┏━━
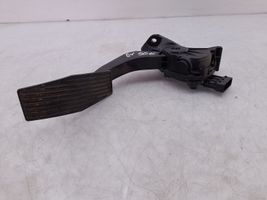 Opel Zafira C Pedal assembly 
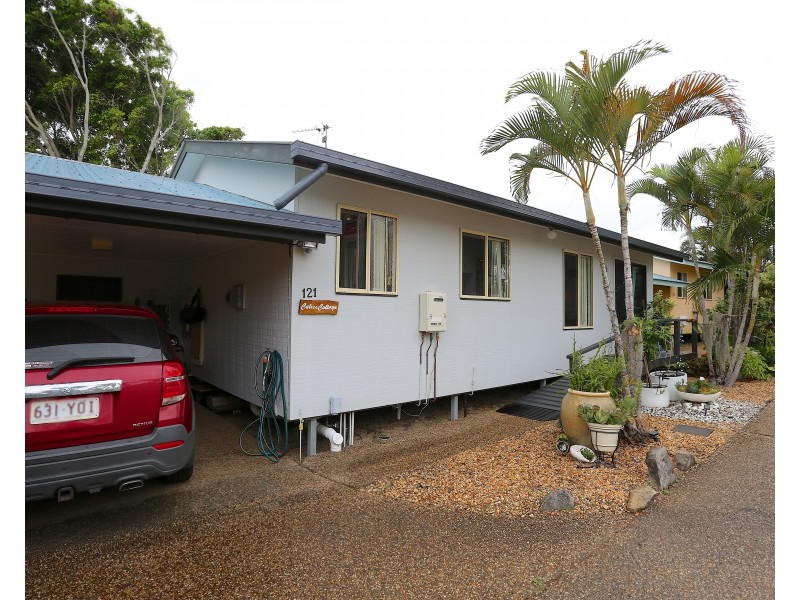 121/760 Scenic Highway, Kinka Beach QLD 4703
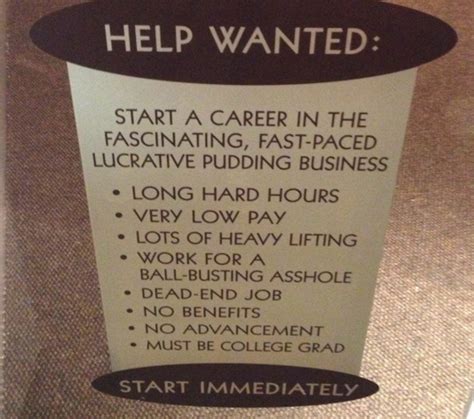 14 job postings that will make you ask wtf wtf gallery ebaum s world
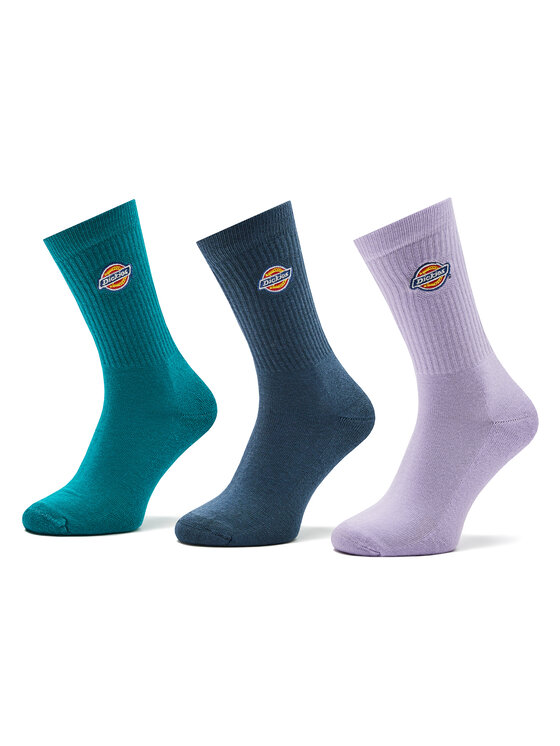 Set di 3 paia di calzini lunghi da donna Vakkey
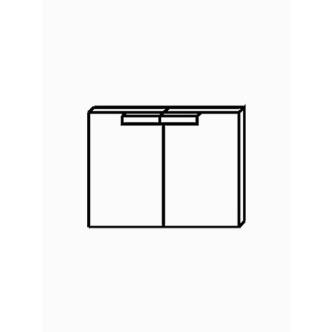 Huisserie - Modulaire 650 - 2 x 35 CM - Diamant - N65/PDG7 N65/PDG7 €255.25 Diamond 650 Ligne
┗━━
*Your assignment*:
What is needed is the whole listing again, exactly as written, with the images left out.

*Task output*:
 Opel Zafira C Pedal assembly 
 121/760 Scenic Highway, Kinka Beach QLD 4703
 14 job postings that will make you ask wtf wtf gallery ebaum s world
 Set di 3 paia di calzini lunghi da donna Vakkey
 Huisserie - Modulaire 650 - 2 x 35 CM - Diamant - N65/PDG7 N65/PDG7 €255.25 Diamond 650 Ligne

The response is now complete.